(Scraped caption text data)

+++

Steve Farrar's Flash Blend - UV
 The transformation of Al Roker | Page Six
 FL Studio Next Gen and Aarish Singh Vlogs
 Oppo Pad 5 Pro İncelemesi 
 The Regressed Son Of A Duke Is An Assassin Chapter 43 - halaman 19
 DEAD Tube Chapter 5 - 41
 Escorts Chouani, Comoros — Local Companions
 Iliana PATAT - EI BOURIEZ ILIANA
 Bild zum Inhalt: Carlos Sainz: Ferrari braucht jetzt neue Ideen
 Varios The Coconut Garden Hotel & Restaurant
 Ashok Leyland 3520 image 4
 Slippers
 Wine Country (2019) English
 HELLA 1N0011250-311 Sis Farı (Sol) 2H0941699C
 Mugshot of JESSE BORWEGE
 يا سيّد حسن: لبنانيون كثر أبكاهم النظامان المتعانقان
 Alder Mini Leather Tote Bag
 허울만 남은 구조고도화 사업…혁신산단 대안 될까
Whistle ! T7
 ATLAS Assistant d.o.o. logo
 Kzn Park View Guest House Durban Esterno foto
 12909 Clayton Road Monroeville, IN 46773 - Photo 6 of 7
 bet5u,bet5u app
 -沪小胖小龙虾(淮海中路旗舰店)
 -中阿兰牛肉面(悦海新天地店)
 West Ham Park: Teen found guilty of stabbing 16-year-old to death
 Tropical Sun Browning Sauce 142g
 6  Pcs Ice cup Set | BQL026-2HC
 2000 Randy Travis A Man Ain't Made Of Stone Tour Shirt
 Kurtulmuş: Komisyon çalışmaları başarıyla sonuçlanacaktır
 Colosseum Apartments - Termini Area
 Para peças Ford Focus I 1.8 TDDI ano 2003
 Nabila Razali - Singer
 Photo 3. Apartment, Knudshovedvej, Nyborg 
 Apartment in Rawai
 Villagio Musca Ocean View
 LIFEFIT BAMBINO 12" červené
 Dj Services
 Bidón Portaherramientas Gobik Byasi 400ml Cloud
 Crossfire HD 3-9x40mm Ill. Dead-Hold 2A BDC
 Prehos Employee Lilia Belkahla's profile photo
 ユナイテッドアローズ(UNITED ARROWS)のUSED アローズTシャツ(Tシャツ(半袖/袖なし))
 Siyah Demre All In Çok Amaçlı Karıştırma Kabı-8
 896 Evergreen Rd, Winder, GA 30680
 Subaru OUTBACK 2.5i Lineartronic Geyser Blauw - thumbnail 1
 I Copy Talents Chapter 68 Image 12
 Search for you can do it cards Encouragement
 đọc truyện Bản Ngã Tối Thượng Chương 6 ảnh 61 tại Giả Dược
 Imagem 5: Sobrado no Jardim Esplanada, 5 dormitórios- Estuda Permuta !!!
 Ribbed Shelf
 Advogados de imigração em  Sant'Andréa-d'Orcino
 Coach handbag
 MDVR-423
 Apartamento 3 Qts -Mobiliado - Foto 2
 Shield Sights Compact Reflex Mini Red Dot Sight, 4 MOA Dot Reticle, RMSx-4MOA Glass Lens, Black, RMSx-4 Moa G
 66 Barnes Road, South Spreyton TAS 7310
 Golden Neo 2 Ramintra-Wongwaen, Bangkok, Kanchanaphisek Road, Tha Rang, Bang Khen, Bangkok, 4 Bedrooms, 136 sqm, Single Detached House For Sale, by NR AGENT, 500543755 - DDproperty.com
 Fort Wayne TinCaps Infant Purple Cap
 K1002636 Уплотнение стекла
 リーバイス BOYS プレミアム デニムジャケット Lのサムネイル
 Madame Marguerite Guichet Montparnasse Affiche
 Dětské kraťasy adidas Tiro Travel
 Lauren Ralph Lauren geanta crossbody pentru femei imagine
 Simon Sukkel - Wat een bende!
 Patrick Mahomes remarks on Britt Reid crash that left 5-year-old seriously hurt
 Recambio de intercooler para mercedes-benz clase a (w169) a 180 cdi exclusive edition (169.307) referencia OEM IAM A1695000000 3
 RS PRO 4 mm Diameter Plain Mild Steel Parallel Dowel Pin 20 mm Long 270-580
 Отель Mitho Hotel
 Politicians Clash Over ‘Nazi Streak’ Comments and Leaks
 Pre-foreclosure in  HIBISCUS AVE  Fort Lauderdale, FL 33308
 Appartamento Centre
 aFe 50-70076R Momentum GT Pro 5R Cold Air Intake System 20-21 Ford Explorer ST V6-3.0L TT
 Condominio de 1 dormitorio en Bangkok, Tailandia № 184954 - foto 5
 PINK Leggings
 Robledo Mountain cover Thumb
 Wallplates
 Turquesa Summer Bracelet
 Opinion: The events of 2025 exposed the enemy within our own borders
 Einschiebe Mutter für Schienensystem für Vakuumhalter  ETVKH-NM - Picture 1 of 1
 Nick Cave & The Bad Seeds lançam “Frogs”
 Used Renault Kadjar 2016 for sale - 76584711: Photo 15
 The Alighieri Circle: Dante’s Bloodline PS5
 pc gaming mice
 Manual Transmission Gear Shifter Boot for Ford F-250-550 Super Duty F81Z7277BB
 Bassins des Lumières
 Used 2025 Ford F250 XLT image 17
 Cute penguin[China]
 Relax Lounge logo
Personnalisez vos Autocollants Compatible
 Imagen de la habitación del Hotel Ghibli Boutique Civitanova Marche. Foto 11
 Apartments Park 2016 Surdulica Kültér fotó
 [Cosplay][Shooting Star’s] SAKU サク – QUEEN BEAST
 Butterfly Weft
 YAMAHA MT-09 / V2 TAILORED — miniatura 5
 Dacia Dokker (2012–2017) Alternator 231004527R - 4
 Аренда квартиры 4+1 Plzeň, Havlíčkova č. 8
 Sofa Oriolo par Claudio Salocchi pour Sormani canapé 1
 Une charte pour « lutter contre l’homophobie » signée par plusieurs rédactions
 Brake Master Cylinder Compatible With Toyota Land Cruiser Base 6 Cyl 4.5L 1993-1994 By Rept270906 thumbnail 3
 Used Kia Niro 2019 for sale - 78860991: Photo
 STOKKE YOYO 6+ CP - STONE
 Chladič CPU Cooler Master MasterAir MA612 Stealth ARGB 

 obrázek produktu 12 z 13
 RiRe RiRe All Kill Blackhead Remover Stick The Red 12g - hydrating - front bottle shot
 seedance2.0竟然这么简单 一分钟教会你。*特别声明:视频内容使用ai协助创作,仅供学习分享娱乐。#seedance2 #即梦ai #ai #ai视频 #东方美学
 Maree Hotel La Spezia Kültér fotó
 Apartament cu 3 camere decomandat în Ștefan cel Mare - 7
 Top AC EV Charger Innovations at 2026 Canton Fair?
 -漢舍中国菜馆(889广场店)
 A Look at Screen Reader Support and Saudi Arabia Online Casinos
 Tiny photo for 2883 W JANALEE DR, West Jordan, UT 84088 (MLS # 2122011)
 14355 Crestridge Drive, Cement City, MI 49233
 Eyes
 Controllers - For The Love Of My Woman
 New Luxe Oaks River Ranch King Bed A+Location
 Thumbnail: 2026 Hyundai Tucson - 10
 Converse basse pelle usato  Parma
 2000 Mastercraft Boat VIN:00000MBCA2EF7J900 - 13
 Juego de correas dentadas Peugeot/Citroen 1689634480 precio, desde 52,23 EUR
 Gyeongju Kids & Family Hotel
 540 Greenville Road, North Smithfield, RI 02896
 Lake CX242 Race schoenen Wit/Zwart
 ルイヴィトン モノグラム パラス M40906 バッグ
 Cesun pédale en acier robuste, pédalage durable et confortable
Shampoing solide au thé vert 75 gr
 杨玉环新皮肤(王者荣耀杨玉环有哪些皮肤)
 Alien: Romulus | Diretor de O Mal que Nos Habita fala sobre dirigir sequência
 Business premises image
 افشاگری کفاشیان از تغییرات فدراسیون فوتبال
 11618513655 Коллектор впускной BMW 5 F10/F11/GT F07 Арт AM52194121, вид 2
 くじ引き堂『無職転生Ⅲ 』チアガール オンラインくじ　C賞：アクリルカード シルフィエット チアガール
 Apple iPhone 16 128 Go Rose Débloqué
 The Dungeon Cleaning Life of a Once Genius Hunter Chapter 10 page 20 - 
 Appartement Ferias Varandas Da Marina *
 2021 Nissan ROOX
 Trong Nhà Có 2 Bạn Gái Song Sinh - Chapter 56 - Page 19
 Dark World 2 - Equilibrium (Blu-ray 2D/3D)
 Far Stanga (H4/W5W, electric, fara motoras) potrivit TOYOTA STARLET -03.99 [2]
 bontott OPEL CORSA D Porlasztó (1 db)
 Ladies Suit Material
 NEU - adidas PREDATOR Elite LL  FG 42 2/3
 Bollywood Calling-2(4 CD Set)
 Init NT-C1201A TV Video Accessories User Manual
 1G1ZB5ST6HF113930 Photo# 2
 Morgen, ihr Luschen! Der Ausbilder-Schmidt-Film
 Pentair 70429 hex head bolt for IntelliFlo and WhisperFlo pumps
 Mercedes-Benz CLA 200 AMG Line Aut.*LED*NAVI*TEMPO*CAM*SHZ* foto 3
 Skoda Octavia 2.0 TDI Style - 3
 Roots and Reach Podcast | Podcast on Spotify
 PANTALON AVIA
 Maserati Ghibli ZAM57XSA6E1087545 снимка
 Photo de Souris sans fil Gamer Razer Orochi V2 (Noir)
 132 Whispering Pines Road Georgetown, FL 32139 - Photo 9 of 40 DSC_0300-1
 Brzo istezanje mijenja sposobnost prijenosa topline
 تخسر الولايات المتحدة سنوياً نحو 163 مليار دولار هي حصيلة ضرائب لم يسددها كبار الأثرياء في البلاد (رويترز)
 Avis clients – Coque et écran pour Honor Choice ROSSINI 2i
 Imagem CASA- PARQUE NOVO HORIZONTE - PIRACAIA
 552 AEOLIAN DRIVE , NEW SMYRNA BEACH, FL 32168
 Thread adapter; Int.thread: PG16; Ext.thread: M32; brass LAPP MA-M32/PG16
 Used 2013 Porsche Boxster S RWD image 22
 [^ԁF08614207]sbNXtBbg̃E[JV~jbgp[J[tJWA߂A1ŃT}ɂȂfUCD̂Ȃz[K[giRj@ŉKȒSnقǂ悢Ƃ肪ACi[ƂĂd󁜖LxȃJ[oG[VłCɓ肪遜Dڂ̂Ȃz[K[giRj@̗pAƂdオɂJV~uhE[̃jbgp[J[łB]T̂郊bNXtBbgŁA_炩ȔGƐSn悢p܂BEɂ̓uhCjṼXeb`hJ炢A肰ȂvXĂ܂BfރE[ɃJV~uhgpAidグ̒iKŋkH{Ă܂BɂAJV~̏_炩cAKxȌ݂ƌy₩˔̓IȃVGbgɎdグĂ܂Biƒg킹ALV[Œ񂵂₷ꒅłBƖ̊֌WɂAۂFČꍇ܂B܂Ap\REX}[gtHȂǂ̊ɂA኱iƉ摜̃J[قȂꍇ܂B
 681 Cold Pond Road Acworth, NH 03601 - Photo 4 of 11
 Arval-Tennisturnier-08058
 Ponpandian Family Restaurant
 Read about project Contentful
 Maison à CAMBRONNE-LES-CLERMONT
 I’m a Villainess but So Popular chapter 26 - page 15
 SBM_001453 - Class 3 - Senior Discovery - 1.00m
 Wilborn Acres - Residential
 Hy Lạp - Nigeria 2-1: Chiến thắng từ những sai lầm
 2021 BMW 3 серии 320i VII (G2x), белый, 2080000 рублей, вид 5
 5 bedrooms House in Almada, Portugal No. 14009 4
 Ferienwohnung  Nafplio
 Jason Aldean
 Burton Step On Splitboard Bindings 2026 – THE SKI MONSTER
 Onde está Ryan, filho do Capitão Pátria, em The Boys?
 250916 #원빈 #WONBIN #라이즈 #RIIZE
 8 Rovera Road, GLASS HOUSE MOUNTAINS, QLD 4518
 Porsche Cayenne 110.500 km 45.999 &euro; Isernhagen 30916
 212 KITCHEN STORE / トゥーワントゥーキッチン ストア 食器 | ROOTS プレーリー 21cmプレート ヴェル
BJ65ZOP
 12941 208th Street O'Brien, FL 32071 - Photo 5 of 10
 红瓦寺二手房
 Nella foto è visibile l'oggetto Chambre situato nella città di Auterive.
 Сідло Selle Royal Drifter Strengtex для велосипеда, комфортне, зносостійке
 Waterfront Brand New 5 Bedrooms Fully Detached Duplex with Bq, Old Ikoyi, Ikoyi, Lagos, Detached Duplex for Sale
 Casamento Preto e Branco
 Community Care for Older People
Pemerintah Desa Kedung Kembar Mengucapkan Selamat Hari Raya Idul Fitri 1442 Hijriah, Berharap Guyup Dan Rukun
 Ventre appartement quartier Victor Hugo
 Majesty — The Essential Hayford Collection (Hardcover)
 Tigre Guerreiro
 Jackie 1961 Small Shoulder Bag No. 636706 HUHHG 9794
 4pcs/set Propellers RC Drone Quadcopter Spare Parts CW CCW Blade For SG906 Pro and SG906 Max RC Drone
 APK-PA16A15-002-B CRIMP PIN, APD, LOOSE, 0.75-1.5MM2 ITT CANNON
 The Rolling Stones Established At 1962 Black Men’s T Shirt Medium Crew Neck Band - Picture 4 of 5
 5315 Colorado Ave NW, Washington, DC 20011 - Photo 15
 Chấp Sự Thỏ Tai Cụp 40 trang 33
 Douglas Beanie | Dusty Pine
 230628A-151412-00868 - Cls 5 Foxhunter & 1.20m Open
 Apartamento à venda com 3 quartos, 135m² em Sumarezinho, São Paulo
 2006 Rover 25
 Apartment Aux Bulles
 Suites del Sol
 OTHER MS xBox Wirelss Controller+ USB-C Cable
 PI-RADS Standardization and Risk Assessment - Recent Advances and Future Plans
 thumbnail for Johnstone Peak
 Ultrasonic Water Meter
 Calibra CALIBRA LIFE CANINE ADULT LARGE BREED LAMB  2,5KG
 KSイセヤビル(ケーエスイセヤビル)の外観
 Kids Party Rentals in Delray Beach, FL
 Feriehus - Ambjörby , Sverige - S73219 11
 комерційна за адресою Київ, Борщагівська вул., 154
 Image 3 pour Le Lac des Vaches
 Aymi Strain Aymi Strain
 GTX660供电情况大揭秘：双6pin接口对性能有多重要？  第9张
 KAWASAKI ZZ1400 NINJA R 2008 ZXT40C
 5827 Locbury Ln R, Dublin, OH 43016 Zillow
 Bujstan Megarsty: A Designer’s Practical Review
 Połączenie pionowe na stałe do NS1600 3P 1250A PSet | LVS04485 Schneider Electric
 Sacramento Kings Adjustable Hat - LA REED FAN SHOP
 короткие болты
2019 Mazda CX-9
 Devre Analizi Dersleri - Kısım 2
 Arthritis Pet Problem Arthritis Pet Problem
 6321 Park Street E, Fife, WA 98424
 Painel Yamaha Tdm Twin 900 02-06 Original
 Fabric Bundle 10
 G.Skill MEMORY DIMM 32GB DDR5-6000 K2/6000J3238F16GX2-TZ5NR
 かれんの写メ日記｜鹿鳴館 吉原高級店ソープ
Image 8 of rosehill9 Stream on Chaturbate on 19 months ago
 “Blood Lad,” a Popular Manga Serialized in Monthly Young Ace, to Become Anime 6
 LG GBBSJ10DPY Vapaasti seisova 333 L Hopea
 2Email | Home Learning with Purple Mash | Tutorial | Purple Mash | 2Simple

+++

### Brief
Look above for the line with "250916 #원빈 #WONBIN #라이즈 #RIIZE" and the line with "6321 Park Street E, Fife, WA 98424". Write out those two lines and all the lines between them, exactly, and no others.

### Exercise result
 250916 #원빈 #WONBIN #라이즈 #RIIZE
 8 Rovera Road, GLASS HOUSE MOUNTAINS, QLD 4518
 Porsche Cayenne 110.500 km 45.999 &euro; Isernhagen 30916
 212 KITCHEN STORE / トゥーワントゥーキッチン ストア 食器 | ROOTS プレーリー 21cmプレート ヴェル
BJ65ZOP
 12941 208th Street O'Brien, FL 32071 - Photo 5 of 10
 红瓦寺二手房
 Nella foto è visibile l'oggetto Chambre situato nella città di Auterive.
 Сідло Selle Royal Drifter Strengtex для велосипеда, комфортне, зносостійке
 Waterfront Brand New 5 Bedrooms Fully Detached Duplex with Bq, Old Ikoyi, Ikoyi, Lagos, Detached Duplex for Sale
 Casamento Preto e Branco
 Community Care for Older People
Pemerintah Desa Kedung Kembar Mengucapkan Selamat Hari Raya Idul Fitri 1442 Hijriah, Berharap Guyup Dan Rukun
 Ventre appartement quartier Victor Hugo
 Majesty — The Essential Hayford Collection (Hardcover)
 Tigre Guerreiro
 Jackie 1961 Small Shoulder Bag No. 636706 HUHHG 9794
 4pcs/set Propellers RC Drone Quadcopter Spare Parts CW CCW Blade For SG906 Pro and SG906 Max RC Drone
 APK-PA16A15-002-B CRIMP PIN, APD, LOOSE, 0.75-1.5MM2 ITT CANNON
 The Rolling Stones Established At 1962 Black Men’s T Shirt Medium Crew Neck Band - Picture 4 of 5
 5315 Colorado Ave NW, Washington, DC 20011 - Photo 15
 Chấp Sự Thỏ Tai Cụp 40 trang 33
 Douglas Beanie | Dusty Pine
 230628A-151412-00868 - Cls 5 Foxhunter & 1.20m Open
 Apartamento à venda com 3 quartos, 135m² em Sumarezinho, São Paulo
 2006 Rover 25
 Apartment Aux Bulles
 Suites del Sol
 OTHER MS xBox Wirelss Controller+ USB-C Cable
 PI-RADS Standardization and Risk Assessment - Recent Advances and Future Plans
 thumbnail for Johnstone Peak
 Ultrasonic Water Meter
 Calibra CALIBRA LIFE CANINE ADULT LARGE BREED LAMB  2,5KG
 KSイセヤビル(ケーエスイセヤビル)の外観
 Kids Party Rentals in Delray Beach, FL
 Feriehus - Ambjörby , Sverige - S73219 11
 комерційна за адресою Київ, Борщагівська вул., 154
 Image 3 pour Le Lac des Vaches
 Aymi Strain Aymi Strain
 GTX660供电情况大揭秘：双6pin接口对性能有多重要？  第9张
 KAWASAKI ZZ1400 NINJA R 2008 ZXT40C
 5827 Locbury Ln R, Dublin, OH 43016 Zillow
 Bujstan Megarsty: A Designer’s Practical Review
 Połączenie pionowe na stałe do NS1600 3P 1250A PSet | LVS04485 Schneider Electric
 Sacramento Kings Adjustable Hat - LA REED FAN SHOP
 короткие болты
2019 Mazda CX-9
 Devre Analizi Dersleri - Kısım 2
 Arthritis Pet Problem Arthritis Pet Problem
 6321 Park Street E, Fife, WA 98424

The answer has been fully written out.